Prompt:
Starting at the top of the records below, write out each line exactly as it stands, stopping after the line with "Beautiful Sunset Lavender"; exclude the pictures.

Records to process:
<<<<

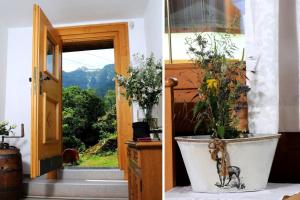 roślina w garnku przed drzwiami w obiekcie Ferienchalet Kreuzlauhof MAY-101 w Mayrhofen +10 zdjęć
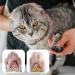 Njula Paw Care Stick Paw Ointment Stick Njula Paw Care Balm Pet Care Cream Njula Paw Moisturizer for Dry Paw Pads Cuddlesmeow Pet Care Creams for Dry Skin (2pcs) - Buy Online on GoSupps.com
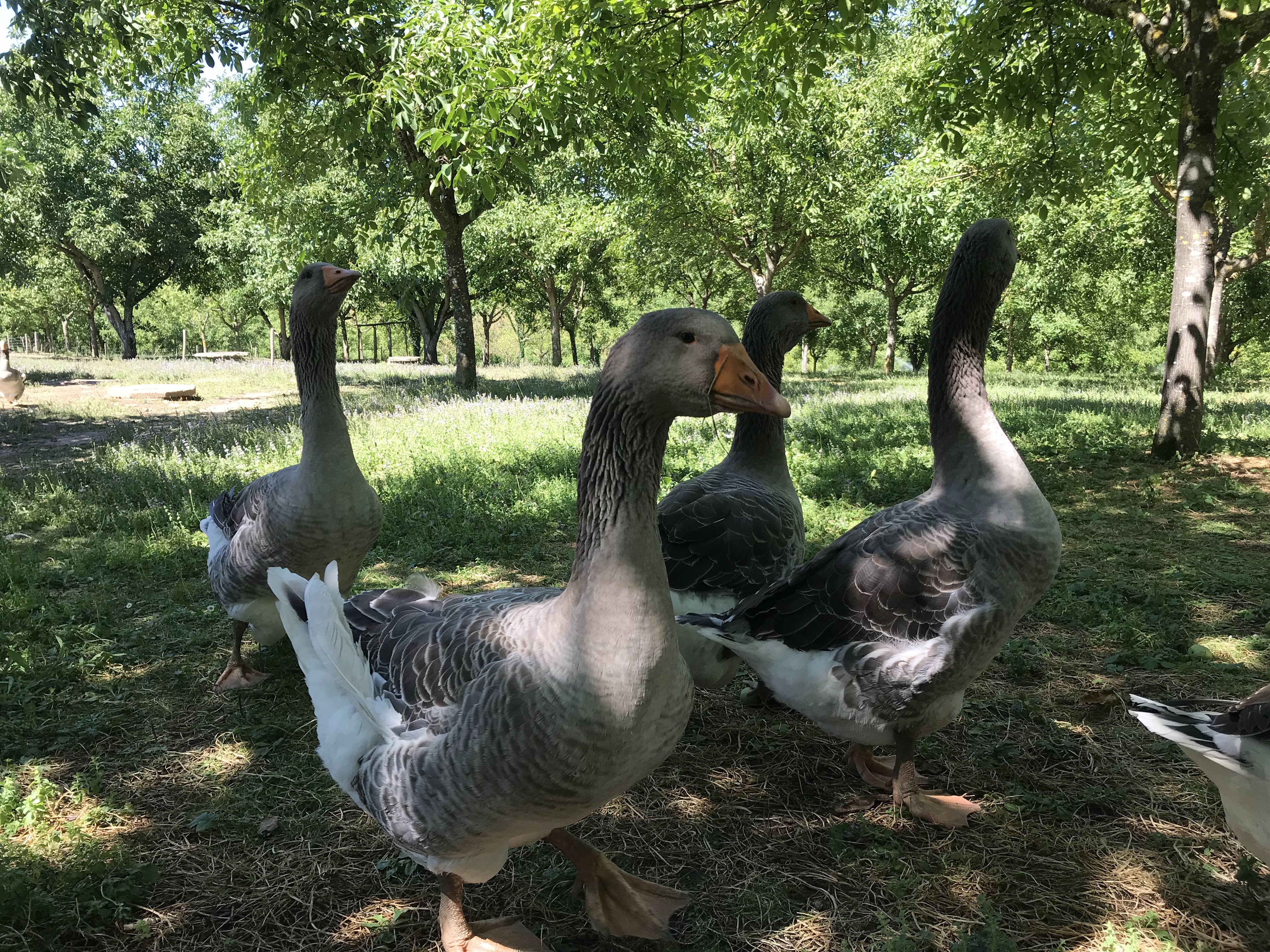 Photo n° 4 de l'avis de Serge.R fait le 11/07/2018 à 16:08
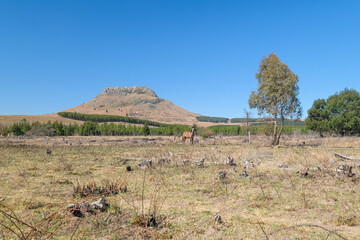 Mature horses among the mountains and farmlands in South Africa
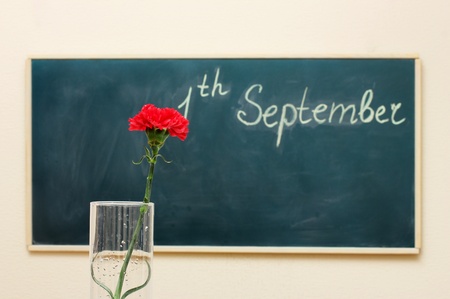 The date on the blackboard. First of September. A red carnationの写真素材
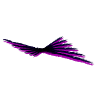 Adler - flying Art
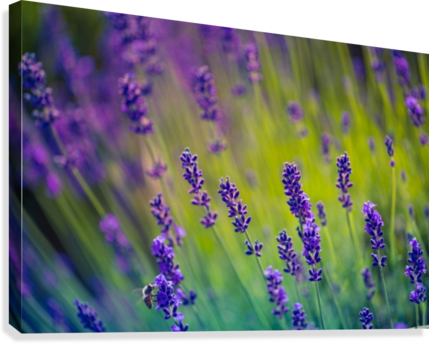 Beautiful Sunset Lavender Flowers Canvas Print - Lavender (429x344), Png Download
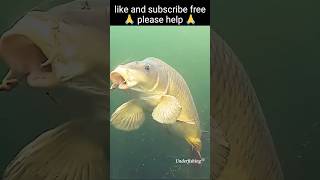 So what went wrong carp fishing underwater fish fishlovers indianfishrecipe [upl. by Findlay]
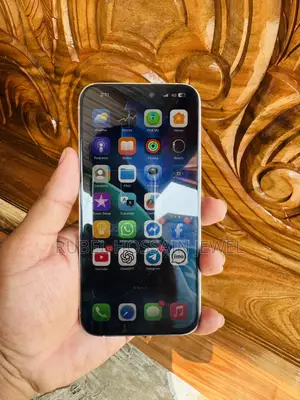 Apple iPhone 14 Pro Max (Used)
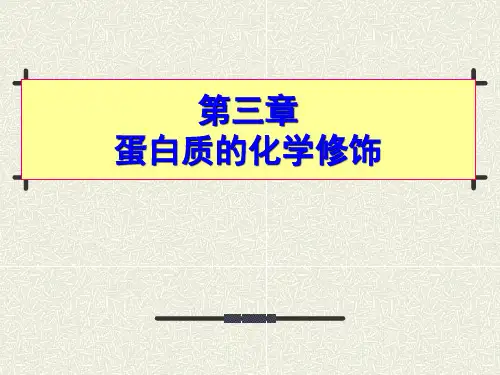 第三章 蛋白质的化学修饰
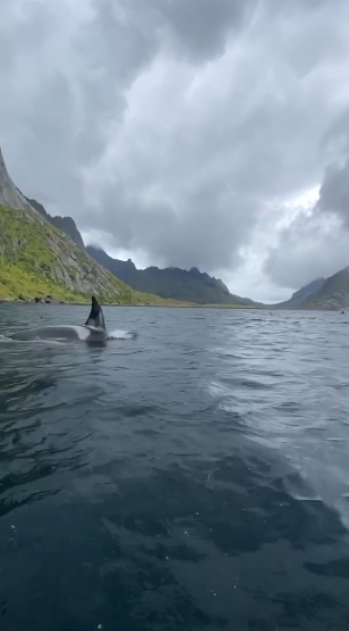 Discovering the wild life of marine predators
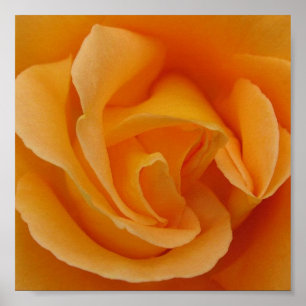Orange Rose Poster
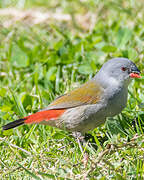 Swee Waxbill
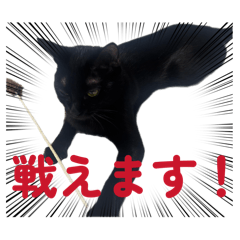 SAIKA_20260602000555
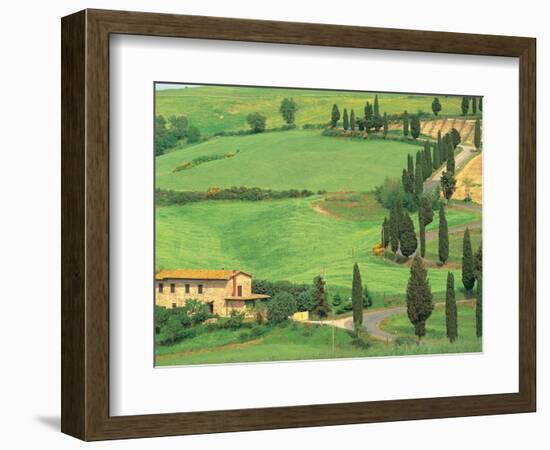 Curvy Tuscan Road, Tuscany, Italy-Walter Bibikow-Framed Photographic Print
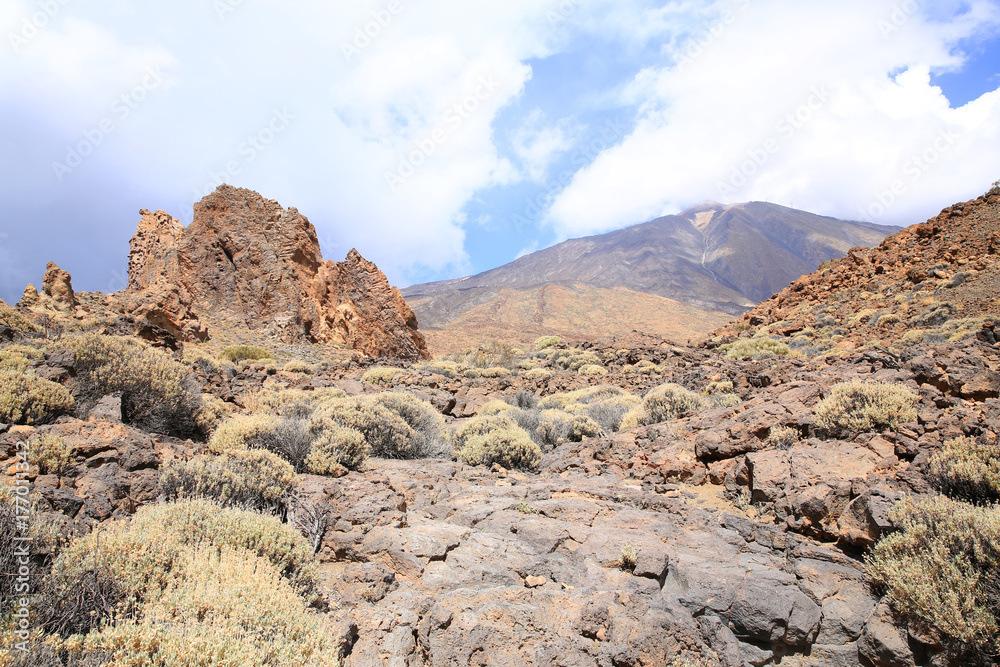 El Teide National Park on Tenerife Island, Canary Islands, Spain El Teide National Park on Tenerife Island, Canary Islands, Spain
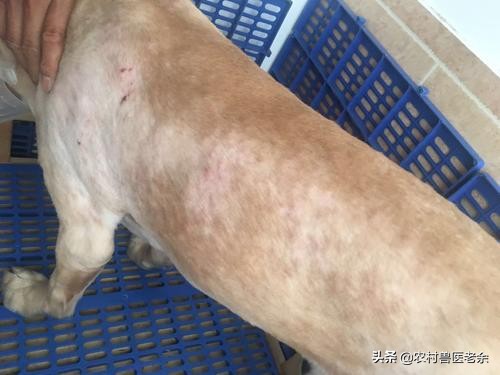 猫狗常见的疾病和原因,宠物皮肤病诊断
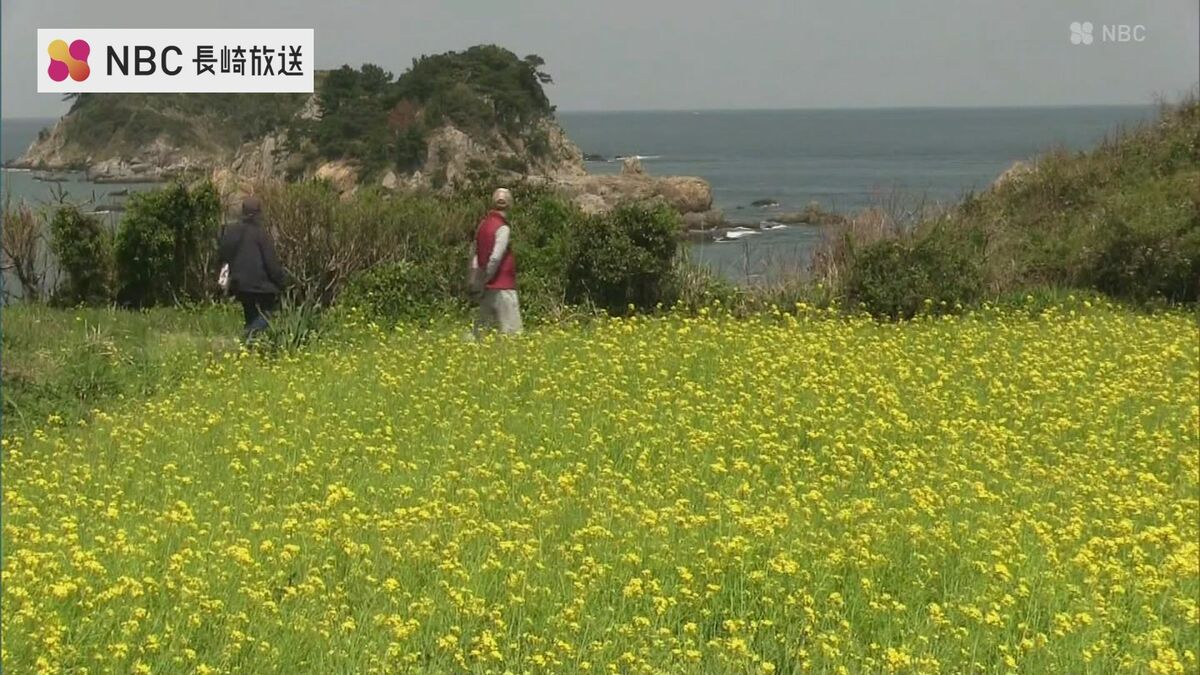 菜の花の黄色が青空に映えて素敵」海を望む公園に約370万本の菜の花が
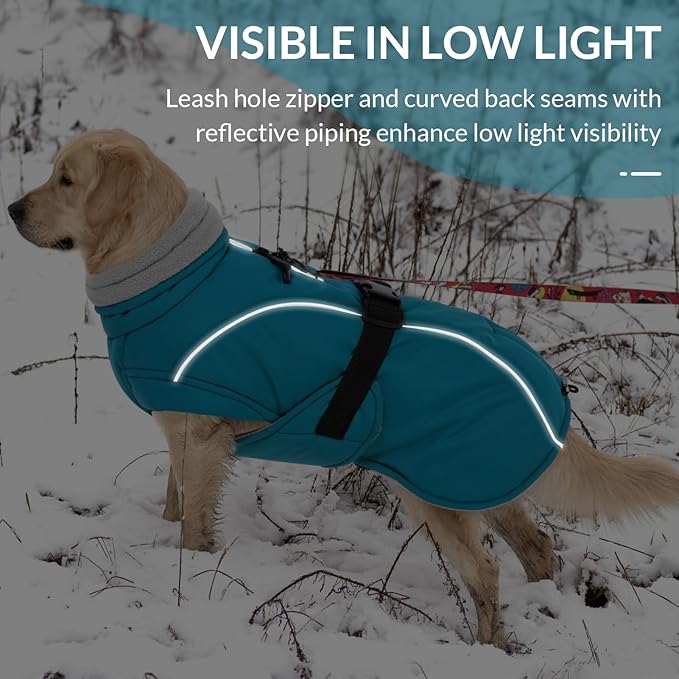 Queenmore Winter Dog Jacket, Waterproof Puffy Snowsuit, Adjustable Reflective Fleece Lining Warm Padding Parka for Cold Weather, Blue Large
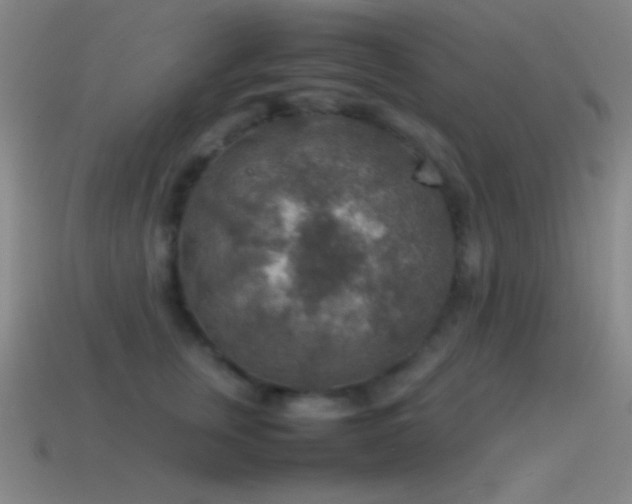 X0000115580759200911101148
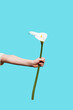 © ADDICTIVE STOCK - Hand holding a single calla lily against a blue background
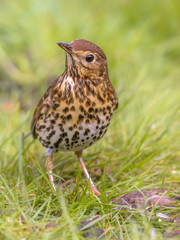 Song Thrush looking with one eye with green grass background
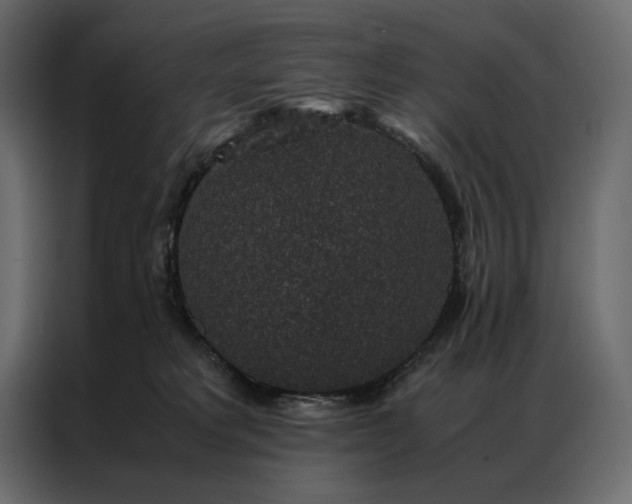 X0000086890229200705071229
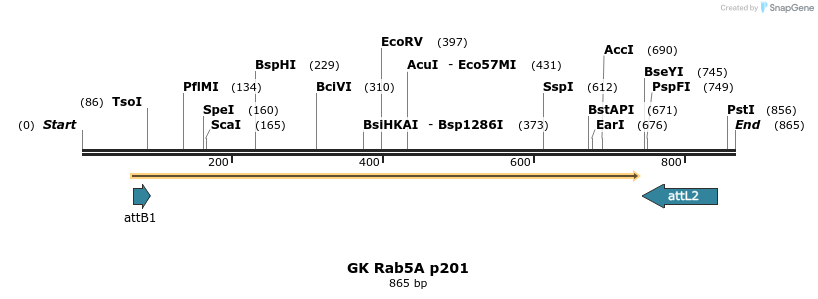 63060_map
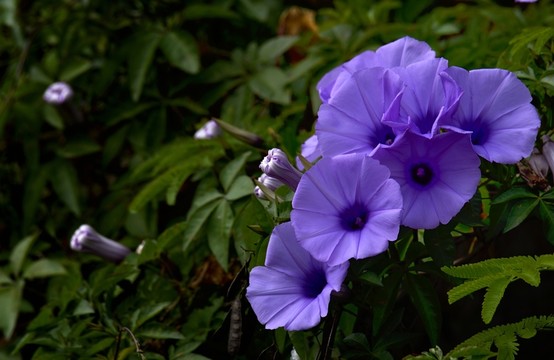 盛開(kāi)的喇叭花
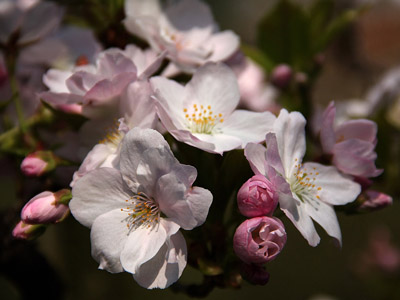 Sakura - japán cseresznye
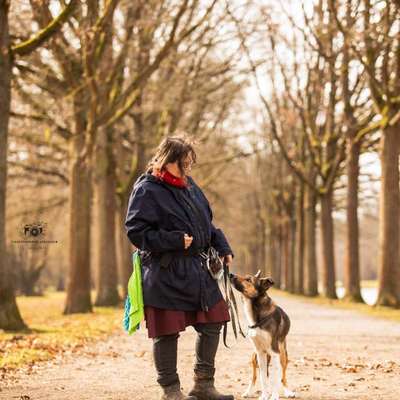Hundetreffen-Trainingsspaziergänge-Bild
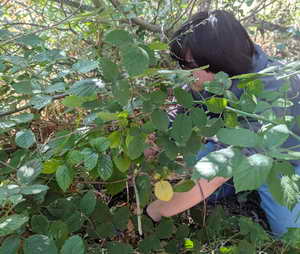 Volunteer removing blackberry, Cerrito Creek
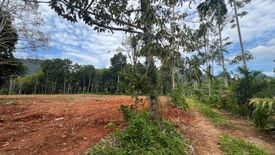 Land for sale in Khao Thong, Krabi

>>>>

Response box:
 roślina w garnku przed drzwiami w obiekcie Ferienchalet Kreuzlauhof MAY-101 w Mayrhofen +10 zdjęć
 Njula Paw Care Stick Paw Ointment Stick Njula Paw Care Balm Pet Care Cream Njula Paw Moisturizer for Dry Paw Pads Cuddlesmeow Pet Care Creams for Dry Skin (2pcs) - Buy Online on GoSupps.com
 Photo n° 4 de l'avis de Serge.R fait le 11/07/2018 à 16:08
 Mature horses among the mountains and farmlands in South Africa
 The date on the blackboard. First of September. A red carnationの写真素材
 Adler - flying Art
 Beautiful Sunset Lavender Flowers Canvas Print - Lavender (429x344), Png Download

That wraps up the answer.